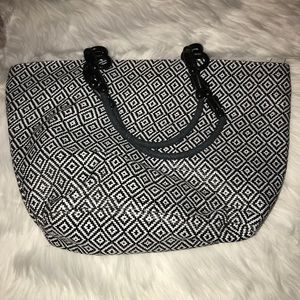 Big Buddha Black and White Straw Tote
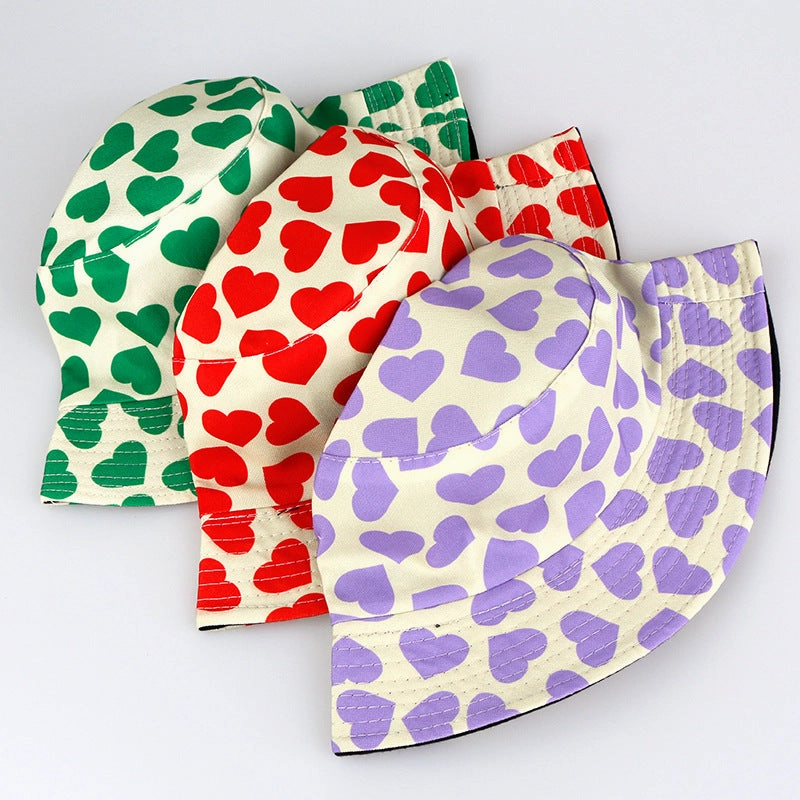 Wholesale Double-sided Printed Love Cotton Fisherman Hats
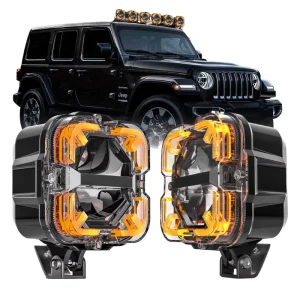 65W LED Auxiliary Work Driving 4 Inch Yellow Spot Beam Truck Offroad 4×4 Backup Lamp Dual Bumper Cube Spot Driving Spot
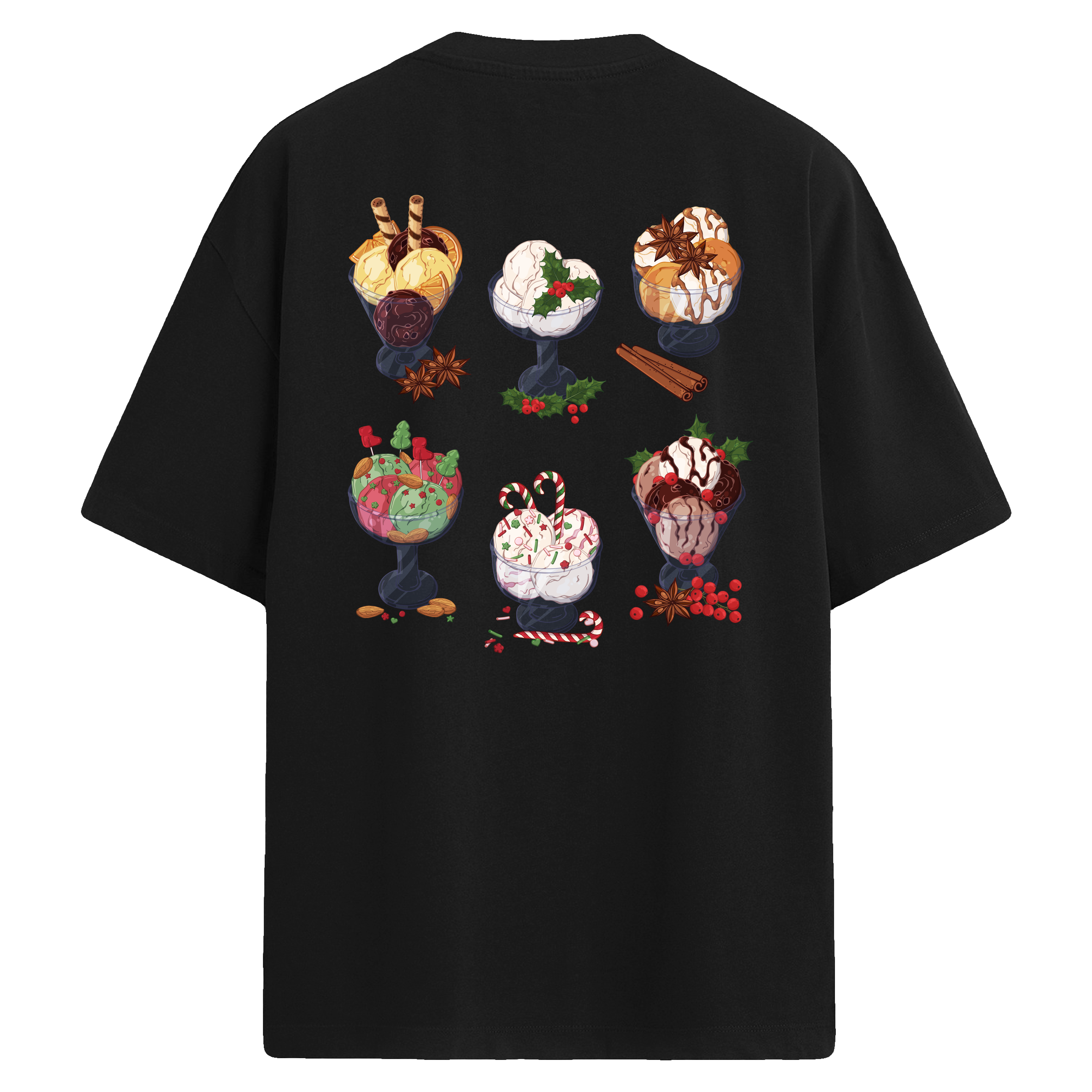 Sırt baskılı oversize tişört üzerinde tatlı temalı illüstrasyon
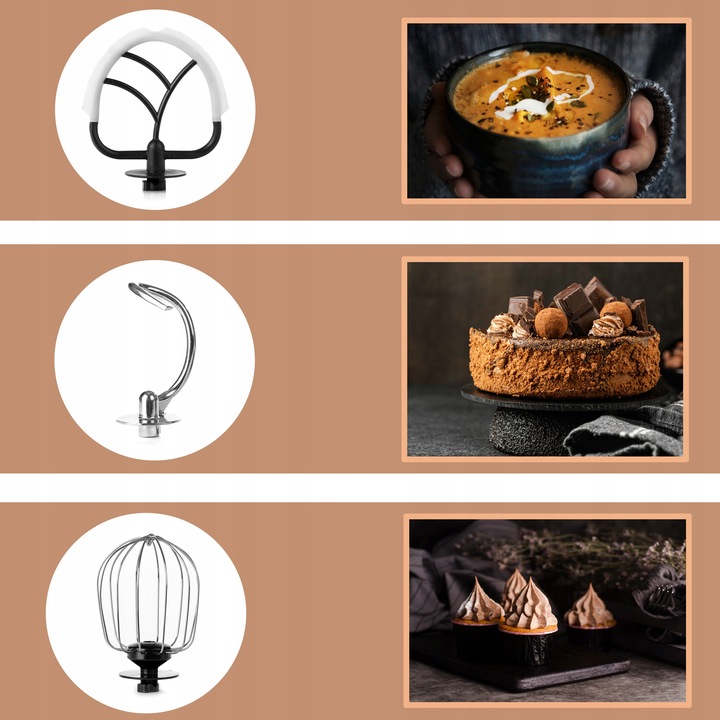 ROBOT PLANETARNY KUCHENNY MIKSER 3 MIESZADŁA HAK MISA OBROTOWA UCHWYT MOCNY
════════
Leaving the pictures out, output each line of the listing exactly.

 Big Buddha Black and White Straw Tote
 Wholesale Double-sided Printed Love Cotton Fisherman Hats
 65W LED Auxiliary Work Driving 4 Inch Yellow Spot Beam Truck Offroad 4×4 Backup Lamp Dual Bumper Cube Spot Driving Spot
 Sırt baskılı oversize tişört üzerinde tatlı temalı illüstrasyon
 ROBOT PLANETARNY KUCHENNY MIKSER 3 MIESZADŁA HAK MISA OBROTOWA UCHWYT MOCNY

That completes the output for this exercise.